Foto: Marcos Barbosa

Na última sexta-feira, 22, a deputada estadual Lívia Duarte (PSOL), foi ao município de Breves, no Marajó, reunir reuniu com o bispo emérito José Azcona, o promotor de justiça Harrison Bezerra, conselheiros tutelares, líderes religiosos e representantes de movimentos sociais, da Defensoria Pública do Pará e da Universidade Federal do Pará (UFPA), entre outros. O objetivo da parlamentar da visita foi ouvir os relatos dos habitantes e informar sobre o requerimento elaborado por ela para instaurar a Comissão Parlamentar de Inquérito (CPI) que irá apurar as vulnerabilidades a que estão submetidas a população local no contexto do abuso e da exploração infanto-juvenil.

A deputada Lívia Duarte segue colhendo as assinaturas necessárias para protocolar o pedido de CPI. Ela já conta com a adesão dos deputados Paula Titan (MDB) e Carlos Bordalo (PT). Outros deputados já sinalizaram que irão assinar. A coleta de assinaturas deve avançar na próxima semana, com a retomada das sessões ordinárias na Assembleia Legislativa do Pará (Alepa).

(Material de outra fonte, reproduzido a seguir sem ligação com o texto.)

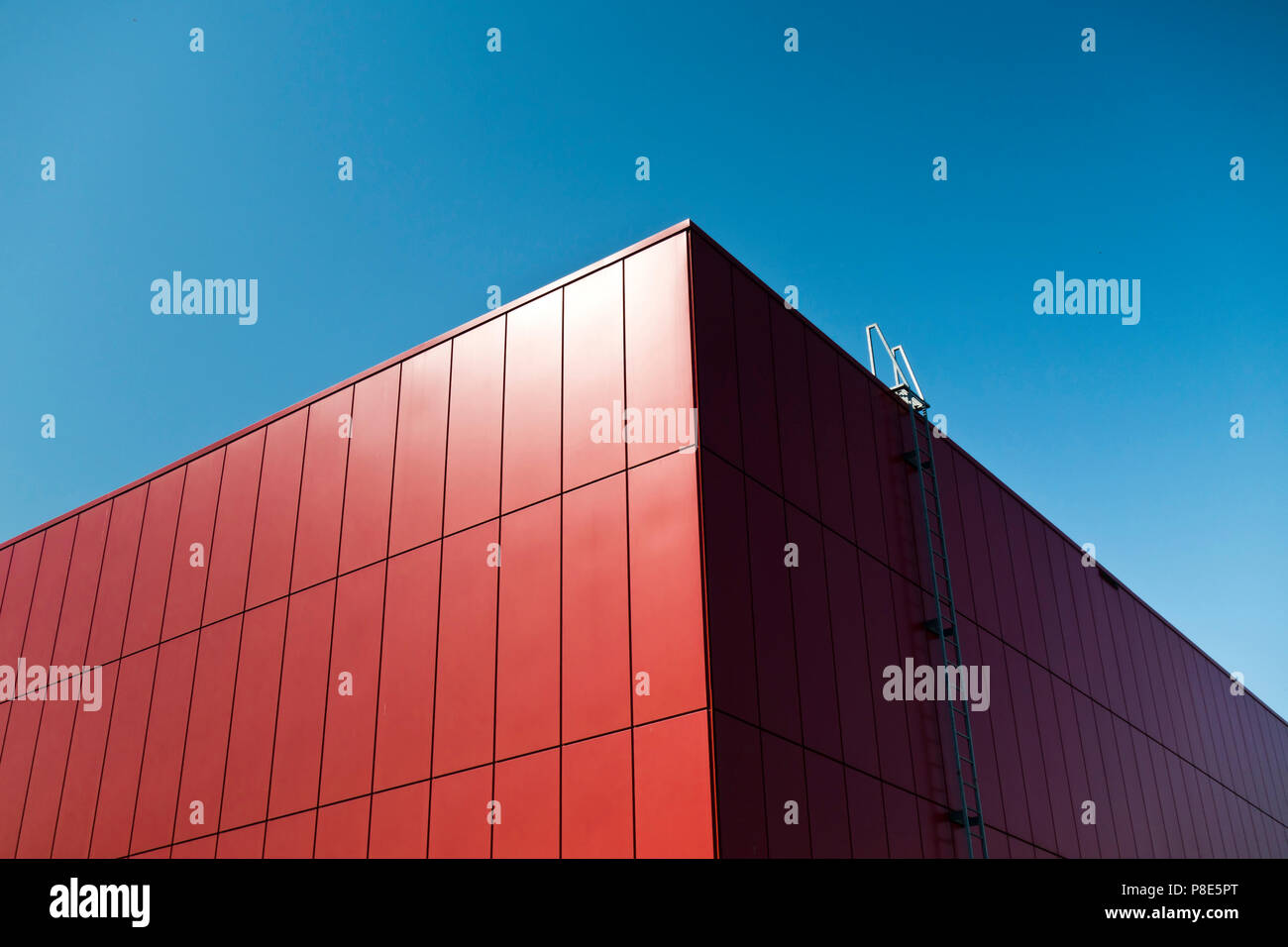 Modernes rotes Gebäude detail Stockfoto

Os participantes da reunião relataram casos de exploração sexual de crianças e adolescentes e a pouca infraestrutura dos poderes constituídos para a solução e o enfrentamento desses crimes.

“Há muita esperança aqui (no Marajó) de que algo seja feito no sentido de ajudar, de socorrer as crianças e no sentido de mudar uma estrutura porque a gente não acredita que isso vá se acabar de repente. A gente propõe essa CPI, mas acredita que a discussão é um passo”, justificou Lívia.

“A gente vai precisar montar uma estrutura que possa combater a miséria e o desemprego, abrir perspectivas para a juventude, precisa mudar uma cultura”, completou.

Lívia Duarte finalizou anunciando o compromisso de destacar emendas parlamentares de sua autoria para os municípios do Marajó, assim como de articular emendas de bancada com os demais partidos com assento na Alepa, a fim de contribuir com o desenvolvimento local e o enfrentamento das vulnerabilidades sociais que levam as cidades marajoaras a possuírem os mais baixos Índices de Desenvolvimento Humano (IDH) do país.